When the winter rainy season hit southern California, B.P. capitalized on it with the grand announcement that the extravagant outdoor garden party in The Girl Who Came Back would have to be reconstructed on an indoor stage, “bushes, trees, pool and all, with the oval pool in the center floating a flower-decked boat, and in whose depths splash Oriental maidens.” This decision made it possible to bring into play the Schulberg Studio’s new lighting paraphernalia—used for the first time on an “exterior” scene. Against that ubiquitous pool, the star Miriam Cooper, who had started the picture as an innocent country girl, had now become a bare-shouldered, sequin-gowned woman of the world swept into the arms of the bespangled and beturbaned Kenneth Harlan, a most unlikely “sheik.” Hollywood had a terrible case of the Valentino vapors, and even the most Anglo-Saxon profiles in town were being pressed into service as irresistible Arabs. Indeed, “sheik” went into the language as the generic term for the playboys of the John Held, Jr., generation.

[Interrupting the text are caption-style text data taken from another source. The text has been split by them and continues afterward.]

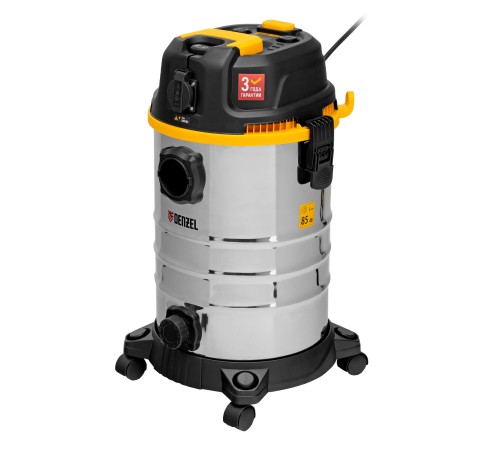 Пылесос строительный RVC30, 1400 Вт, бак 30 л, шланг 3 м, розетка с автосинхр. Denzel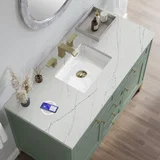 Chicago 48" Single Vanity, Smokey Celadon, w/ 3 CM Ethereal Noctis Silestone® Top w/FreePower Wireless Charger
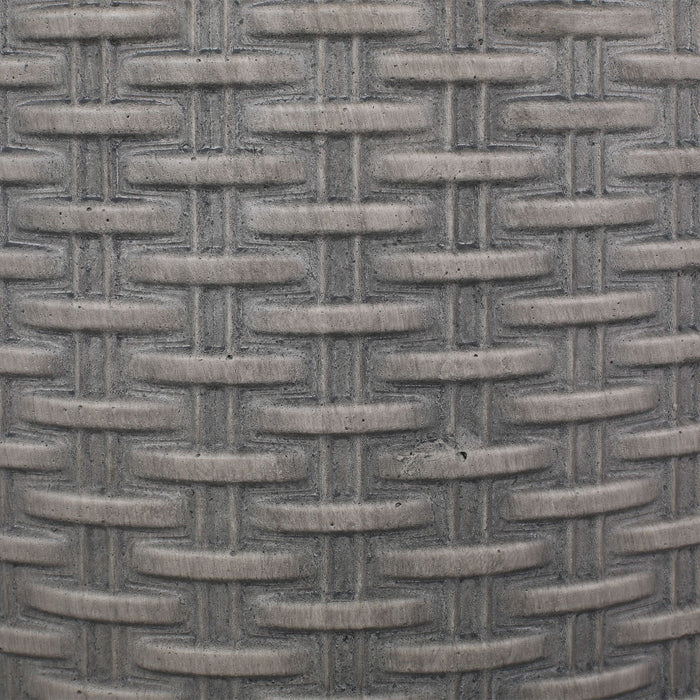 Outdoor Lightweight End Table Round Concrete Outdoor Side Table - Natural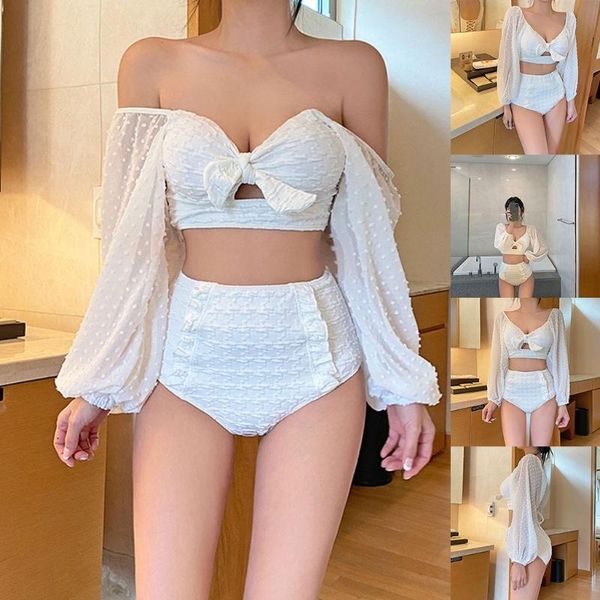 women 2 pieces bikini set swiss dot puff long sleeve off shoulder swimsuit hollow out tie front crisscross backless h05d one-piece suit
women 2 pieces bikini set swiss dot puff long sleeve off shoulder swimsuit hollow out tie front crisscross backless h05d one-piece suit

The Mayer-Schulberg Studio was not only my nursery and kindergarten. It also offered an advanced course in psychodrama, neurasthenia, and pathological insecurity. A vivid case history is that of the director Marcel DeSano, a name you will not find in any of the film histories but which lives on in our family folklore. Where DeSano came from I don’t remember. He was simply one of a number of young European geniuses who materialized in early Hollywood. In silent pictures, remember, mastery of the English language was no prerequisite. In that sense motion pictures were more international than they are today. In Marcel DeSano’s case, he had been around Hollywood for a year or so. He had worked for Irving Thalberg when Irving was the 20-year-old wunderkind of Universal. Now L.B. had brought Irving to the Mayer-Schulberg Studio as his assistant, undoubtedly the single best move Louie ever made, and the young Irving in turn had told B.P. about his problems with Marcel DeSano. DeSano talked like a genius. He had fascinating ideas. He claimed to have made brilliant short films in Europe. But Irving had never been able to sell him to the warring factions at Universal. And, Irving admitted, young Marcel was erratic. Stimulating, seemingly bursting with talent, but terribly neurotic. Irving himself wasn’t yet sure enough of his position with L.B. to take on DeSano. But he thought B.P. might be interested.